The key, she said, is that doctors emphasize the positives of immunity, and not be dismissive of a parent's concerns. For example, a doctor could explain to a parent concerned about mercury that a small number of vaccines may contain ethylmercury – which does not accumulate in the body and is considered safe – but vaccines never contain methylmercury, an entirely different compound that causes mercury poisoning.

"Too often we have not focused on the positive," Dr. MacDonald said.

Doctors also need to tailor their messages to a parent's socio-economic status, she noted.

Highly educated parents may respond more to evidence-based information about the risk of tetanus, for example, than to a doctor's recollection of treating an unvaccinated child with tetanus who almost died. For many parents, she said, "stories are more compelling than facts."

Adriana Barton

Should vaccination be mandatory for health care workers?
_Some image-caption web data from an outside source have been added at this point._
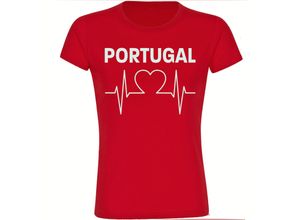 4068859229689 - multifanshop® Damen T-Shirt - Portugal - Herzschlag - Druck weiß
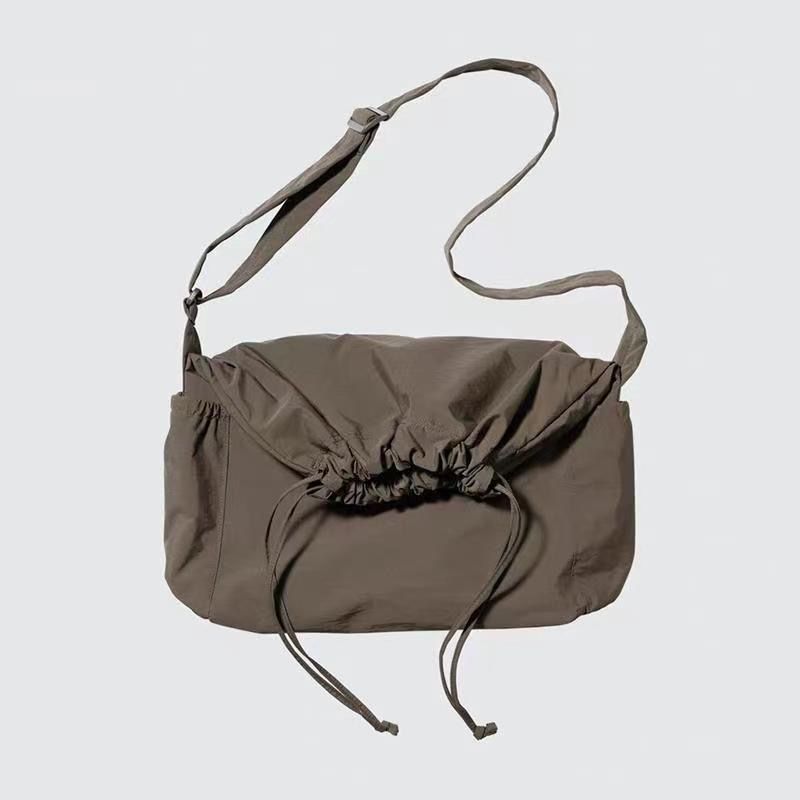 2025 Japan UNIQLO U Family With Nylon Drawstring Messenger Bag Niche Leisure Dual-use Backpack 2024 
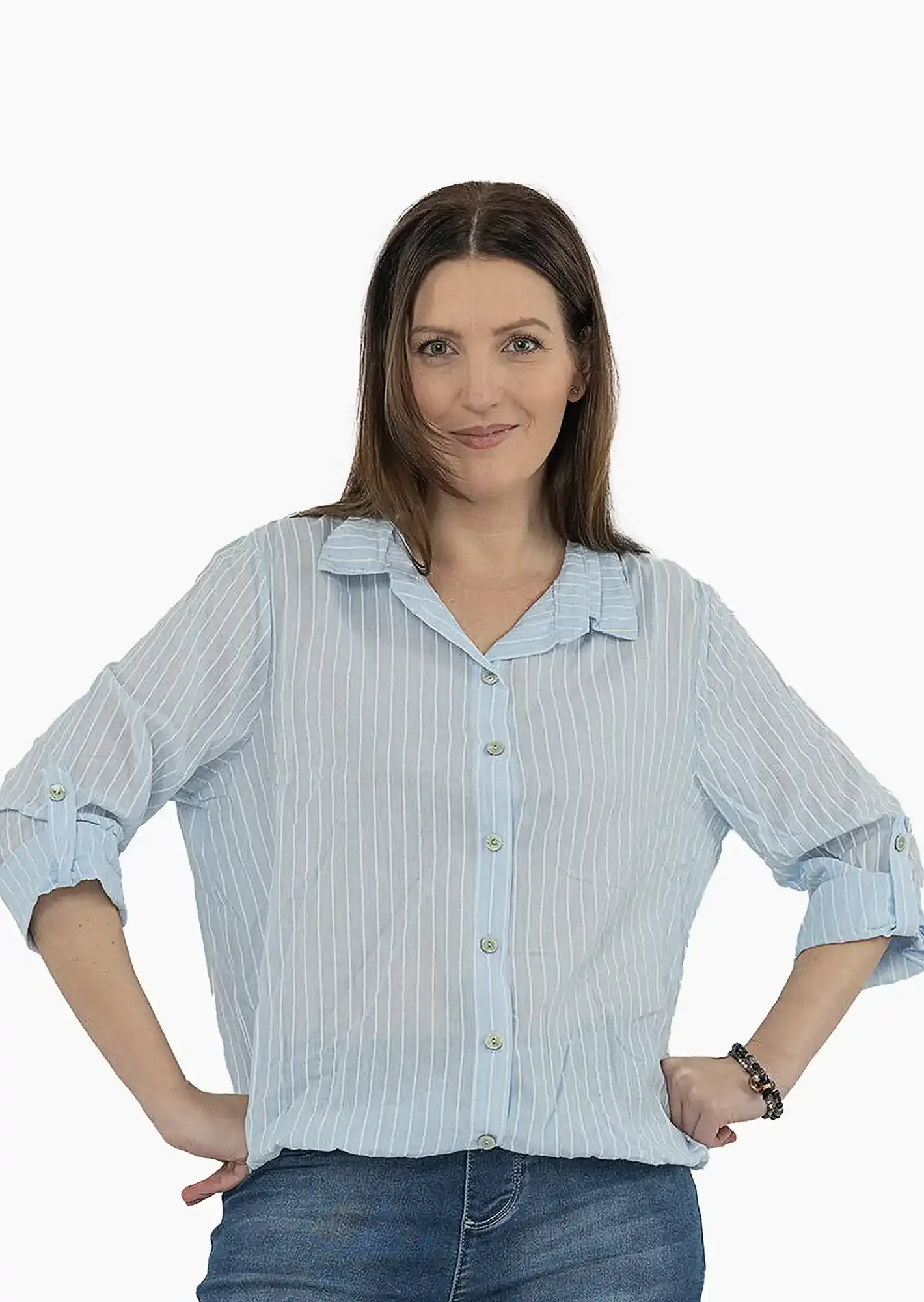 Bluse gestreift, eiskristall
While it was once assumed all nurses and other health-care workers were immunized, that is no longer the case. Measles has an eight- to 12-day incubation period, during which health-care workers could be showing no symptoms of the disease yet be infecting immuno-compromised patients. According to the Public Health Agency of Canada's Immunization Guide, some health-care jurisdictions are looking at making vaccination a condition of employment. Currently, it's a patchwork system of differing requirements. Here's a look at what's happening at some of Canada's top children's hospitals:

At the Alberta Children's Hospital in Calgary, it is "strongly recommended" that health-care workers get the measles vaccine, but it's not mandatory, confirms Judy MacDonald, medical officer for Calgary. Although it was decided last year after outbreaks that health-care workers "need to have a higher bar" when it comes to vaccinations – and should be required to have two documented doses of the measles, mumps and rubella vaccine recorded and on file – no change to policy has been made.

At Sick Kids Hospital in Toronto, new employees must prove they have had two measles, mumps and rubella vaccinations to ensure workers comply with the measles surveillance protocol developed in part by the Ontario Medical Association. For employees hired before 2013, there is a medication catch-up process outlined in the surveillance protocol. The hospital then records who has been immunized and who hasn't.

Ottawa's Children's Hospital of Eastern Ontario also keeps tabs on which staffers are immune. Vaccinations are encouraged but not compulsory.

Vaccination is not mandatory at the B.C. Children's Hospital. Eva Thomas, corporate director for infection prevention and control, said that while they would like all their staff to be vaccinated, "we don't know who has been [and who hasn't]." Those records are with the occupational health department of the B.C. government.

Alan Maki with a report from Justin Giovannetti

Editor's note: This is a corrected version of the story that referred to the Measles and Mumps Initiative. The correct name is the Measles and Rubella Initiative.